We simulate county-level data based on the documented Schlenker-Roberts response function to illustrate the principle.
from divergence import ksg_mutual_information
rng = np.random.default_rng(42)
n = 500
# Growing-season average temperature (C) across US counties
temp = rng.uniform(15, 38, n)
# Yield response: increases up to 29C, then collapses
# Based on Schlenker & Roberts (2009) piecewise-linear approximation
yield_base = np.where(
temp < 29,
50 + 8 * (temp - 15), # rising: ~50 to ~162 bushels/acre
162 - 15 * (temp - 29), # collapsing above 29C
)
yield_obs = yield_base + rng.normal(0, 15, n) # measurement noise
# Correlation: blind to the nonlinearity
r, p_val = pearsonr(temp, yield_obs)
# Mutual information: sees everything
mi = ksg_mutual_information(temp, yield_obs, k=5)

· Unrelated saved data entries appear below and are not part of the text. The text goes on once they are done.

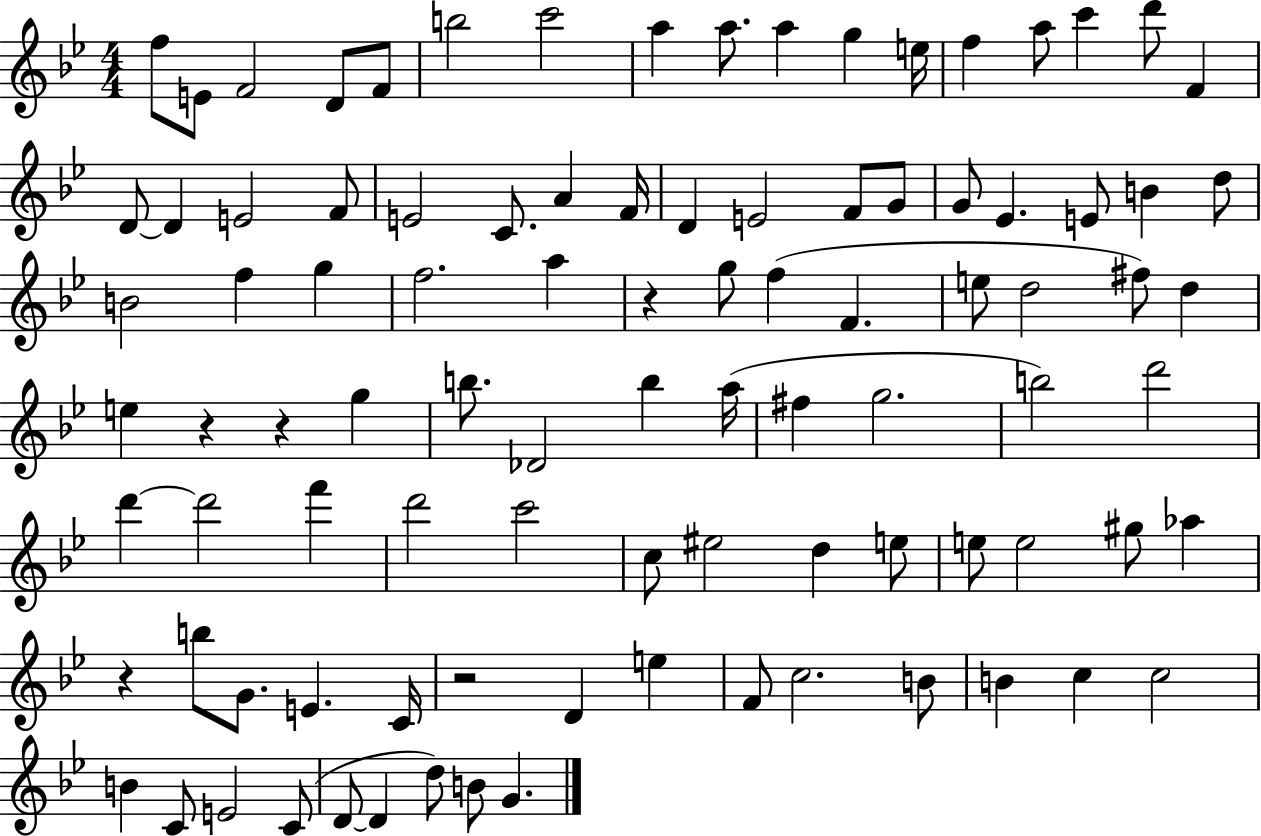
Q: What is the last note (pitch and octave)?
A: G4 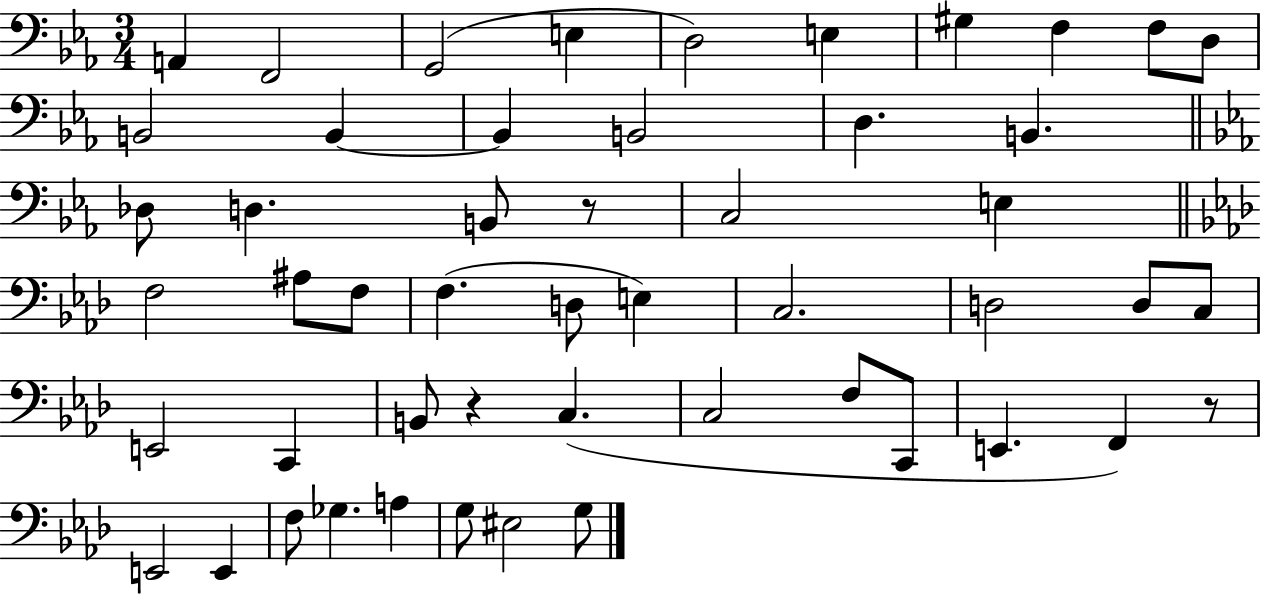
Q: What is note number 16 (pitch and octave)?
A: B2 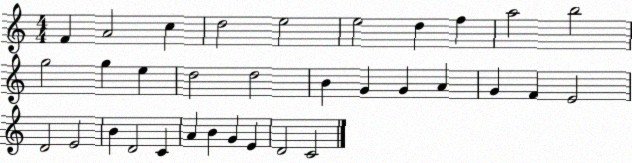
X:1
T:Untitled
M:4/4
L:1/4
K:C
F A2 c d2 e2 e2 d f a2 b2 g2 g e d2 d2 B G G A G F E2 D2 E2 B D2 C A B G E D2 C2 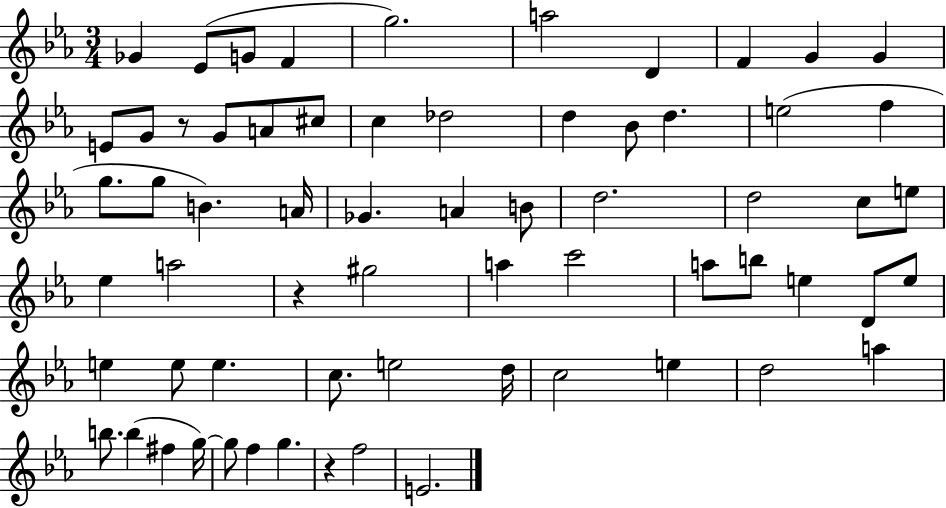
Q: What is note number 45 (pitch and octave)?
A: E5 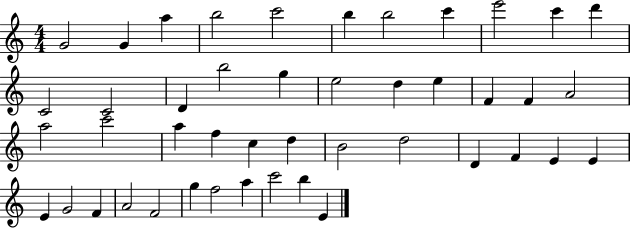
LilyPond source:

{
  \clef treble
  \numericTimeSignature
  \time 4/4
  \key c \major
  g'2 g'4 a''4 | b''2 c'''2 | b''4 b''2 c'''4 | e'''2 c'''4 d'''4 | \break c'2 c'2 | d'4 b''2 g''4 | e''2 d''4 e''4 | f'4 f'4 a'2 | \break a''2 c'''2 | a''4 f''4 c''4 d''4 | b'2 d''2 | d'4 f'4 e'4 e'4 | \break e'4 g'2 f'4 | a'2 f'2 | g''4 f''2 a''4 | c'''2 b''4 e'4 | \break \bar "|."
}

print(f'Pearson correlation: r = {r:.3f} (p = {p_val:.3f})')
print(f'KSG mutual information: {mi:.3f} nats')
print()
print(f'Correlation says: "temperature barely matters" (r ≈ 0)')
print(f'Mutual information says: "temperature matters enormously" (MI = {mi:.2f} nats)')
Pearson correlation: r = 0.078 (p = 0.081) KSG mutual information: 0.738 nats Correlation says: "temperature barely matters" (r ≈ 0) Mutual information says: "temperature matters enormously" (MI = 0.74 nats)
fig, (ax1, ax2) = plt.subplots(1, 2, figsize=(13, 5))
# Scatter plot
ax1.scatter(temp, yield_obs, alpha=0.4, s=15, color='seagreen')
# Overlay the true response curve
t_sorted = np.linspace(15, 38, 200)
y_true = np.where(t_sorted < 29, 50 + 8 * (t_sorted - 15), 162 - 15 * (t_sorted - 29))
ax1.plot(t_sorted, y_true, 'k-', lw=2.5, label='True response')
ax1.axvline(29, color='coral', ls='--', lw=1.5, alpha=0.7, label='Heat threshold (29°C)')
ax1.set_xlabel('Growing season temperature (°C)')
ax1.set_ylabel('Corn yield (bushels/acre)')
ax1.set_title('The heat cliff: yields collapse above 29°C', fontsize=12)
ax1.legend(fontsize=10)
# Comparison bar chart
ax2.bar(['Pearson |r|', 'Mutual information\n(nats)'],
[abs(r), mi],
color=['coral', 'seagreen'],
edgecolor='white', linewidth=1.5, width=0.5)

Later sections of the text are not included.